Rozdział 37

57 8 22
                                    

Czy ktoś mi możę powiedzieć co mi strzeliło do łba? Powinienem się sprzeciwić, powiedzieć że nie mam na to najmniejszej ochoty. Ale nie, lepiej się na wszystko zgodzić i jechać z moim , chyba, byłym chłopakiem i parą gołąbków. No brawo Tao, brawo. Stałem właśnie przed drzwiami do mieszkania Kaia i Judytki, miałem wątpliwości czy zapukać. W końcu jestem już spakowany, bilety już kupione, co mi szkodzi. 

- Co tam Tao? - usłyszałem nadle kogoś za sobą. Na dźwięk tego głosu aż podskoczyłem.

- Cz-cześć Fan - powiedziałem cicho - A nic, zastanawiam się czy chce mi się w ogóle tam lecieć i czy nie powinienem się wycofać i wrócić do domu. - 

- Słuchaj, możemy pogadać? - odezwał się po chwili. Wiedziałem że będzie chciał o tym gadać, ale czemu teraz?

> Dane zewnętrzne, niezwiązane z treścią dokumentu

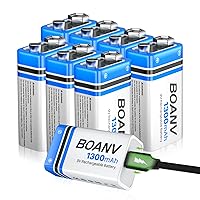 8PCS 1300mAh 9V Rechargeable Batteries, 9V Rechargeable USB Lithium Long Lasting Battery, with 2 in 1 Charging Cable, for Smoke Detectors, Alarms, Keypad, Microphone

- Jasne, a o czym? - zapytałem udając nie świadomego. 

- O nas - odparł. I co ja mam mu powiedzięć? Hej Kris kocham cię cały czas, ale przez ciebie chuju mnie zgwałcili więc nie licz na cokolwiek?

- Yyy... jak to o nas? Kris, nie jestem pew - 

- Prosze, daj mi coś powiedzieć - słysząc jego proźbę skinąłem głową. - Wiem że to co się stało bardzo cię zraniło, wiem że nie możesz mi wybaczyć - powoli się przybliżył - ale wiem też że dalej coś do mnie czujesz, może to jest miłość, mam taką nadzieje - był już bardzo blisko mnie - proszę pozwól mi to odbudować, pozwól mi być w twoim sercu - zaczął się nachylać.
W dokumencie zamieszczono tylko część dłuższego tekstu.